As Bristol Bay’s population swells with seasonal workers, organizations opposed to mining in the area are redoubling their outreach efforts.
Kristina Andrew greets Nick Harvey as he steps into the Sustaining Bristol Bay Fisheries booth at the Dillingham harbor. He’s hoping to buy a “No Pebble Mine” flag for his boat to fly. Andrew, the director of Sustaining Bristol Bay Fisheries, is out of flags, but Harvey agrees to sign a letter to the Environmental Protection Agency instead.
The letter is addressed to Environmental Protection Agency administrator Scott Pruitt. It expresses disappointment that the EPA and Pebble Limited Partnership recently reached a settlement that will allow the Pebble project to proceed into a normal permitting process.

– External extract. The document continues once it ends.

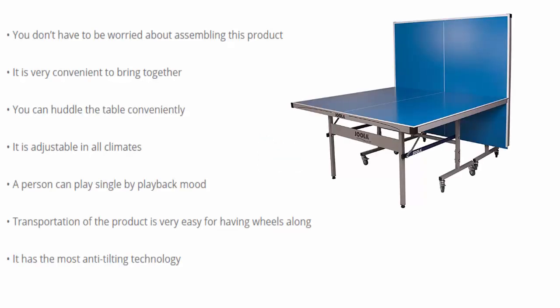You don't have to worry about assembling this product — it is very convenient to put together. You can fold the table conveniently, and it is adjustable in all climates. A person can play solo using playback mode. Transportation is very easy thanks to the included wheels, and it features advanced anti-tilting technology.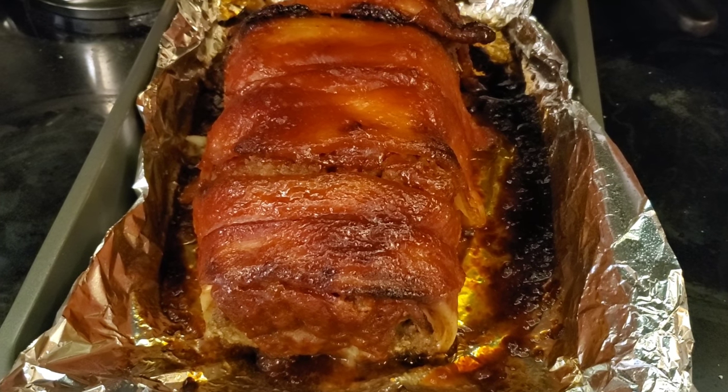Alright guys, the moment of truth — let's see what Big Joe thinks about the bacon wrapped meatloaf. He lets it cool so he doesn't burn his mouth like he did in that other video. It's good, it's got bacon on it — that's really good. I'm not huge on meatloaf and that's the best meatloaf I've ever eaten, and I'm not just saying that. That glaze is out of this world. You can put bacon on a dead cat and make it taste good!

As Harvey, a 20-year-old deckhand from Seattle, waits on a Dillingham resident to finish signing her letter, he chats with Andrew. She tells him the latest on litigation and legislation related to the proposed mine. This is Harvey’s second season fishing, and it is his first in Bristol Bay.
“This fishery is one of the last truly wild ones in the world. And it’s definitely worth protecting. It’s not worth putting a mine upstream that would decimate the salmon populations. I didn’t know about it until I started working up here. It definitely should be a Pacific Northwest issue if not a national one. It could use more recognition nationwide,” says Harvey.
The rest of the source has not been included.